Founded in 1946 and sponsored by the U.S. Department of State’s Bureau of Educational and Cultural Affairs and with support from the Fulbright Foreign Scholarship Board, the Fulbright U.S. Student Program enables academic exchanges between the United States and over 140 countries. Fulbright U.S. Student Program award recipients pursue graduate study, conduct research or serve as English teaching assistants abroad.

Valderrama worked as an undergraduate researcher in the Center for Renewable Carbon at the University of Tennessee Institute of Agriculture under the mentorship of Professor David Harper.


Under the mentorship of Associate Department Head and MSE Professor David Keffer, he led a team of MSE juniors on a research project to restore a 1907 reed organ, with an emphasis on comparing the modern, available replacement materials with the original, historical materials. The project won first place at the 2022 EURēCA (Exhibition of Undergraduate Research and Creative Achievement) annual poster competition at UT and second place in the national 2022 ASM Student Design competition. The work was published in the Journal of American Organbuilding.

In 2023, Valderrama received the MSE departmental service award for his contributions inside and outside the university community.

“I’ve had great professors who really helped me understand what it means to make a change and help influence what the future can be.
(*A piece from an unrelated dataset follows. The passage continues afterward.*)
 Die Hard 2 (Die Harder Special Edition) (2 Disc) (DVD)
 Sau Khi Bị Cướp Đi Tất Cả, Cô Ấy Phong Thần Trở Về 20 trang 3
They have supported me and really motivated me to have a passion for learning,” Valderrama said. “The Materials Science Department has been very special for my educational development because we’re a very small department and all get to know our professors and classmates well.”

Everything came full circle for Valderrama last summer when he worked the Governor’s School as a teaching assistant. He described the experience as an “aha moment” that was inspired by Sawhney, who passed away in 2022.

“I realized I want to be the Dr. Sawhney of whoever I end up teaching,” Valderrama said. “I feel like going to Denmark is a steppingstone on my journey of where I want to go in the future. This Fulbright fellowship will really boost my professional career opportunity.”